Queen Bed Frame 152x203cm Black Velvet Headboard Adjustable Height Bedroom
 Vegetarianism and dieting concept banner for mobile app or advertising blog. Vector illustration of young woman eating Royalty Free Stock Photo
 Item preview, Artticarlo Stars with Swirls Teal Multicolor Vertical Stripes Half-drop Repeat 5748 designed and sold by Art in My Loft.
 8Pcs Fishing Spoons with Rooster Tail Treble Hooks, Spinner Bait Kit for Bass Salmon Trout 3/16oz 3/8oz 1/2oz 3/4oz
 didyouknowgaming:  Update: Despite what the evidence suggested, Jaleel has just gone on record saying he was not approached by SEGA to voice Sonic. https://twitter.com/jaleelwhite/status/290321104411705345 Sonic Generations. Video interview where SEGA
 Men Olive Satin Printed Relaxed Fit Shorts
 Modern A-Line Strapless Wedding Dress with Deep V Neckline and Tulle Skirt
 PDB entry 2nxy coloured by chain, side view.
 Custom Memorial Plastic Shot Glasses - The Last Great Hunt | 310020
──────────
■ **HOW TO COMPLETE THIS TASK**:
Write out all of the records exactly as they stand above.

■ **EXERCISE ANSWER**:
Queen Bed Frame 152x203cm Black Velvet Headboard Adjustable Height Bedroom
 Vegetarianism and dieting concept banner for mobile app or advertising blog. Vector illustration of young woman eating Royalty Free Stock Photo
 Item preview, Artticarlo Stars with Swirls Teal Multicolor Vertical Stripes Half-drop Repeat 5748 designed and sold by Art in My Loft.
 8Pcs Fishing Spoons with Rooster Tail Treble Hooks, Spinner Bait Kit for Bass Salmon Trout 3/16oz 3/8oz 1/2oz 3/4oz
 didyouknowgaming:  Update: Despite what the evidence suggested, Jaleel has just gone on record saying he was not approached by SEGA to voice Sonic. https://twitter.com/jaleelwhite/status/290321104411705345 Sonic Generations. Video interview where SEGA
 Men Olive Satin Printed Relaxed Fit Shorts
 Modern A-Line Strapless Wedding Dress with Deep V Neckline and Tulle Skirt
 PDB entry 2nxy coloured by chain, side view.
 Custom Memorial Plastic Shot Glasses - The Last Great Hunt | 310020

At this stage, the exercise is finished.